-- EXERCISE INPUT follows --

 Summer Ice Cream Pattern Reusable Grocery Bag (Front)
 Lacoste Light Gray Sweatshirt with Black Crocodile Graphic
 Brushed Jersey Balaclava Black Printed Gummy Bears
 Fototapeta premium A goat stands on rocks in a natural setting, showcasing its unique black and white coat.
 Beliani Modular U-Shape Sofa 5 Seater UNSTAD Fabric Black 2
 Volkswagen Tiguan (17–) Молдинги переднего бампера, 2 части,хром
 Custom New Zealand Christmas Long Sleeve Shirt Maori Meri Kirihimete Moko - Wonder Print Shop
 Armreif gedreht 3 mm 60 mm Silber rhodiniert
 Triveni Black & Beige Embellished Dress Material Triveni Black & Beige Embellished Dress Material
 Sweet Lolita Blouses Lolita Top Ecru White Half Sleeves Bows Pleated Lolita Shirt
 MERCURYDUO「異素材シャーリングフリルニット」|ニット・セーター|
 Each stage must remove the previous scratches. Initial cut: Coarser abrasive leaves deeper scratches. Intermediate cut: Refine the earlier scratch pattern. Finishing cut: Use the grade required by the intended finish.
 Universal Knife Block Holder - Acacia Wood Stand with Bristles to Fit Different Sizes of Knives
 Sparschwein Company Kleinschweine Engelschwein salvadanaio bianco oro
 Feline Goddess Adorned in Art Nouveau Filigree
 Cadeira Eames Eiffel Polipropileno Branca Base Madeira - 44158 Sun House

-- EXERCISE INPUT concluded --

Extract every entry in the listing word for word.

[REPLY]
 Summer Ice Cream Pattern Reusable Grocery Bag (Front)
 Lacoste Light Gray Sweatshirt with Black Crocodile Graphic
 Brushed Jersey Balaclava Black Printed Gummy Bears
 Fototapeta premium A goat stands on rocks in a natural setting, showcasing its unique black and white coat.
 Beliani Modular U-Shape Sofa 5 Seater UNSTAD Fabric Black 2
 Volkswagen Tiguan (17–) Молдинги переднего бампера, 2 части,хром
 Custom New Zealand Christmas Long Sleeve Shirt Maori Meri Kirihimete Moko - Wonder Print Shop
 Armreif gedreht 3 mm 60 mm Silber rhodiniert
 Triveni Black & Beige Embellished Dress Material Triveni Black & Beige Embellished Dress Material
 Sweet Lolita Blouses Lolita Top Ecru White Half Sleeves Bows Pleated Lolita Shirt
 MERCURYDUO「異素材シャーリングフリルニット」|ニット・セーター|
 Each stage must remove the previous scratches. Initial cut: Coarser abrasive leaves deeper scratches. Intermediate cut: Refine the earlier scratch pattern. Finishing cut: Use the grade required by the intended finish.
 Universal Knife Block Holder - Acacia Wood Stand with Bristles to Fit Different Sizes of Knives
 Sparschwein Company Kleinschweine Engelschwein salvadanaio bianco oro
 Feline Goddess Adorned in Art Nouveau Filigree
 Cadeira Eames Eiffel Polipropileno Branca Base Madeira - 44158 Sun House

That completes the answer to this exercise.